We can use torchvision.transforms.v2 to define the types of augmentation to apply.

PYTHON

from torchvision.transforms import v2

# Define what kind of transformations we would like to apply
# such as rotation, crop, zoom, position shift, etc
datagen = v2.Compose([
    v2.RandomRotation(degrees=0),
    v2.RandomAffine(degrees=0, translate=(0, 0), scale=(1.0, 1.0)),
    v2.RandomHorizontalFlip(p=0.0)
])
Challenge

Exercise

  1. Modify the datagen pipeline to include one or more of the following:
  • v2.RandomRotation(degrees=20)
  • v2.RandomResizedCrop(size=(256, 256), scale=(0.8, 1.0))
  • v2.RandomHorizontalFlip(p=0.5)
  1. Here’s an example:

PYTHON

datagen = v2.Compose([
    v2.RandomRotation(degrees=20),
    v2.RandomResizedCrop(size=(256, 256), scale=(0.8, 1.0)),
    v2.RandomHorizontalFlip(p=0.5)
])

Now let’s view the effect on our X-rays!:

PYTHON

# specify path to source data
path = os.path.join("chest_xrays")
batch_size=5

# For visualization, we'll manually apply the transforms to a few images
import torch
from PIL import Image

def plot_images(images_arr):
    fig, axes = plt.subplots(1, 5, figsize=(20,20))
    axes = axes.flatten()
    for img, ax in zip(images_arr, axes):
        # Convert tensor back to numpy for plotting
        img_np = img.squeeze().numpy()
        ax.imshow(img_np, cmap='gray')
    plt.tight_layout()
    
sample_images = [Image.open(random.choice(effusion_list)).convert('L') for _ in range(batch_size)]
augmented_images = [datagen(torchvision.transforms.v2.functional.to_image(img)) for img in sample_images]
plot_images(augmented_images)
X-ray augmented
Challenge

Exercise

  1. How do the new augmentations affect the appearance of the X-rays?
    Can you still tell they are chest X-rays?
  1. The augmented images may appear rotated, zoomed, or flipped.
    While they might look distorted, they remain visually recognizable as chest X-rays. These augmentations help the model generalize better to real-world variability.

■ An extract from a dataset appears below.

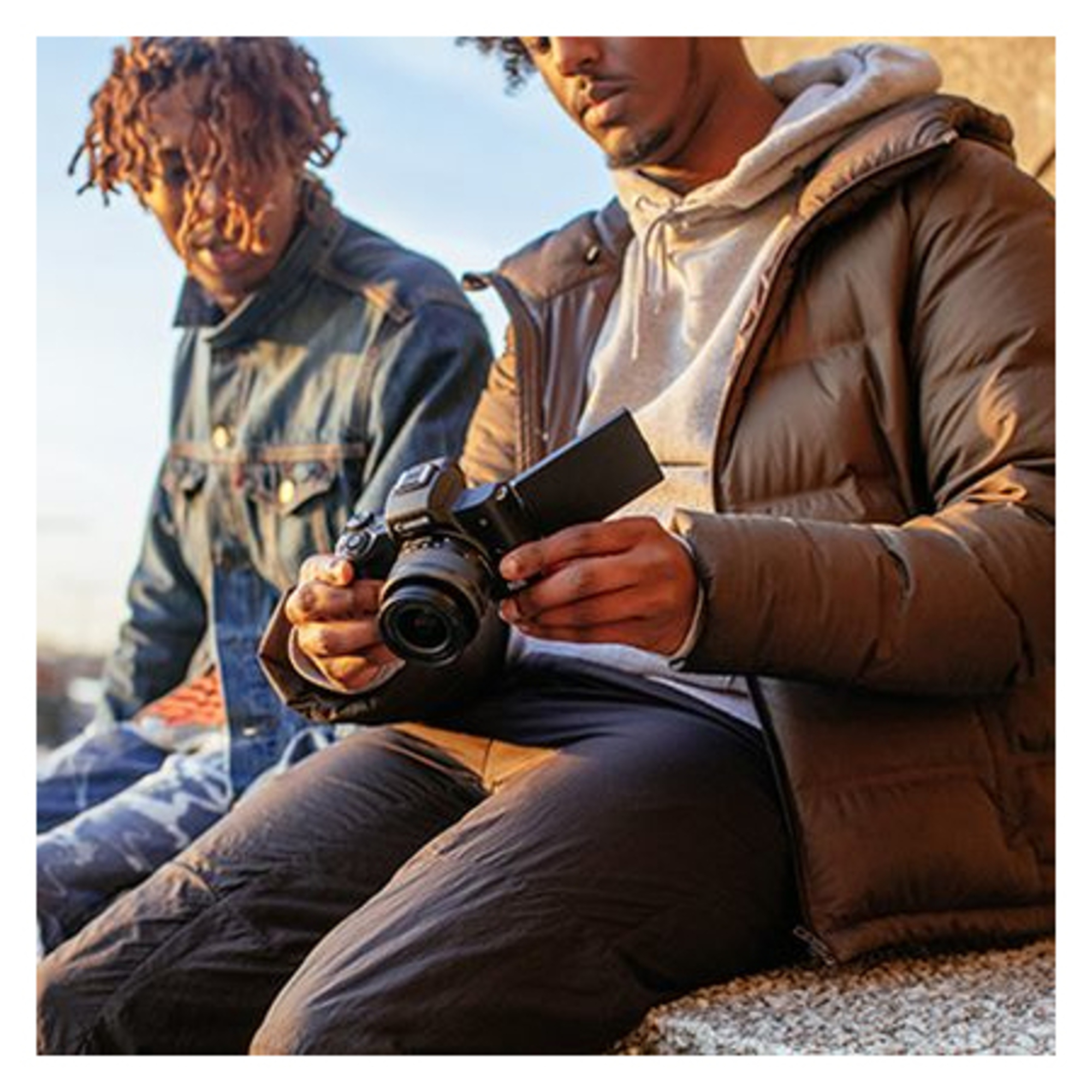 Canon EOS M50 + EF-M 15-45mm IS STM MILC 24,1 MP CMOS 6000 x 4000 pixels Noir - Excellent état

In medical imaging, always consider clinical context. Some transformations, like left-right flipping, could lead to anatomically incorrect inputs if not handled carefully.

Now we have some data to work with, let’s start building our model.

Key Points
  • Data should be split into separate sets for training, validation, and testing to fairly evaluate model performance.
  • PyTorch expects input images in the shape (batch, channels, height, width).
  • Data augmentation increases the variety of training data by applying random transformations.
  • Augmented images help reduce overfitting and improve generalization to new data.